In some of the existing research, it is common to train Deep JTROCS using differentiable channel models instead of real channels to evaluate the performance of Deep JTROCS on different tasks. Ref. [
9] adds a noise vector to the input data of the receiver to simulate the channel interference to the modulation signal, which establishes a complete end-to-end trainable communication system model. However, the channel model is so simple that it ignores the more complex impact of the channel on signals. Refs. [
10,
11] propose to insert the non-trainable but differentiable additive white Gaussian noise (AWGN) layer between the receiver and transmitter as a channel model. The additional layer has adjustable parameters related to noise variance, which makes the description of the ratio of energy per bit to noise power spectral density more accurate. This model reliably describes the effect of the AWGN channel on signal, but it is not suitable for other types of channels. Ref. [
12] follows the conventional idea [
13] which views the channel model as a time-varying linear system with additive noise. They use a neural network layer and an additive noise layer to implement the channel model. After the training, the channel model simulates different types of channels. In addition, the conditional generative adversarial networks (CGAN) [
14] have been used to simulate different channel effects in [
15,
16]. Ref. [
17] also proposes a residual-assisted GAN (RA-GAN) based training scheme for mitigating gradient vanishing and overfitting in GANs. In addition, Ref. [
16] constructs an interesting method for transceiver systems that inserts a CGAN between the transmitter and receiver of each user or base station to simulate the channel. The method causes both transmitters and receivers to converge in training, which allows this system to achieve better results in channels where the uplink and downlink are similar. However, in most real-world low-signal-to-noise communication scenarios, the uplink and downlink have large differences so the method is only applicable to certain scenarios.

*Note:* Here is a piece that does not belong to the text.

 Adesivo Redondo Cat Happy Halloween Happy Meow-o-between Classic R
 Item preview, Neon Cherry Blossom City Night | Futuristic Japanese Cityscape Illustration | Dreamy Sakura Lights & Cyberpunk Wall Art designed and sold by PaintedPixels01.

Using the channel model to train Deep JTROCS offers a major advantage: The training gradient that passes through the model provides enough information for the encoder in the transmitter to obtain complete channel state information (CSI). This allows the encoder to tune itself based on the entire CSI, resulting in improved performance. Nevertheless, building a channel model for a real channel is a daunting task. Modeling a communication channel in practice is challenging, as it involves transmitting and collecting massive signals from both ends of the real-world channel. If the collected signals lack sufficient channel change states, it may result in neural network over-fitting, leading to the poor performance of Deep JTROCS on real working channels. The acquisition of these signals and the construction of channel models necessitate substantial financial and human resources, leading to a diminished interest among technology developers in integrating Deep JTROCS into actual communication systems. Therefore, Deep JTROCS training based on channel models is not an ideal solution.
To solve the above problem, researchers also propose some approaches that directly train Deep JTROCS without a channel model. Ref. [
18] proposes a reinforcement learning-based approach to train encoders in Deep JTROCS. Ref. [
19] investigates a gradient-free training method based on a cubic Kalman filter to perform geometric constellation shaping. Ref. [
20] proposes two solutions, signal reduction and signal prediction, and verifies the feasibility of both solutions in practical wireless communication systems with super-exotropic architectures, band-pass channel noise and quantization noise. Ref. [
21] proposes the use of random perturbation techniques to train deep learning-based communication systems in real channels without assuming channel models. Ref. [
22] eliminates the limitation of joint training through meta-learning. In this method, online gradient meta-learning of the decoder is combined with joint training of the encoder through pilot transmission and the use of feedback links. Ref. [
23] utilizes a neural estimator of mutual information that relies only on channel samples to optimize the encoder for maximizing mutual information.
Although the above methods allow Deep JTROCS to be trained on real channels, the encoder in the Deep JTROCS transmitter must be updated with the necessary training information available in the receiver, such as the decoder’s loss function or the receiver’s received signals. The training information must be feedback to the transmitter via an additional and reliable low-error communication link. Hence, the practical utility of Deep JTROCS is constrained by the dependence on a low error feedback link. If a conventional communication system is used to provide training information as the feedback link, the question would arise as to why Deep JTROCS, which is complex to train, should be used if the conventional system works appropriately. In addition, untrained Deep JTROCS is not suitable for use as feedback links in these methods due to its large transmission errors.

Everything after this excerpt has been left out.